» Problem to solve
After finding the line containing "FROST Вешалка 2" below, please output that line and each following one through the line containing "Prem Dry-Cut Blade", exactly as written.
(Input for this task Opens)
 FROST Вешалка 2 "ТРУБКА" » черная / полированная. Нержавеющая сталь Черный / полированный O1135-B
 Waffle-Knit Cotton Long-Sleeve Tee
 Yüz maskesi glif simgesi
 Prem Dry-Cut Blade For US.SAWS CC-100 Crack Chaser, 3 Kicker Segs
(Input for this task Closes)
(Input for this task Opens)
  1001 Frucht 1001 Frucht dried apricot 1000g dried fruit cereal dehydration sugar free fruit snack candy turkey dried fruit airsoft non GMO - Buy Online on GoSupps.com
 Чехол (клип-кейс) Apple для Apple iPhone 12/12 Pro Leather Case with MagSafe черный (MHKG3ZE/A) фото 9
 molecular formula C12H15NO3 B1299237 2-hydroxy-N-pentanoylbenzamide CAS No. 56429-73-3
(Input for this task Closes)
» Solution for this task
 FROST Вешалка 2 "ТРУБКА" » черная / полированная. Нержавеющая сталь Черный / полированный O1135-B
 Waffle-Knit Cotton Long-Sleeve Tee
 Yüz maskesi glif simgesi
 Prem Dry-Cut Blade For US.SAWS CC-100 Crack Chaser, 3 Kicker Segs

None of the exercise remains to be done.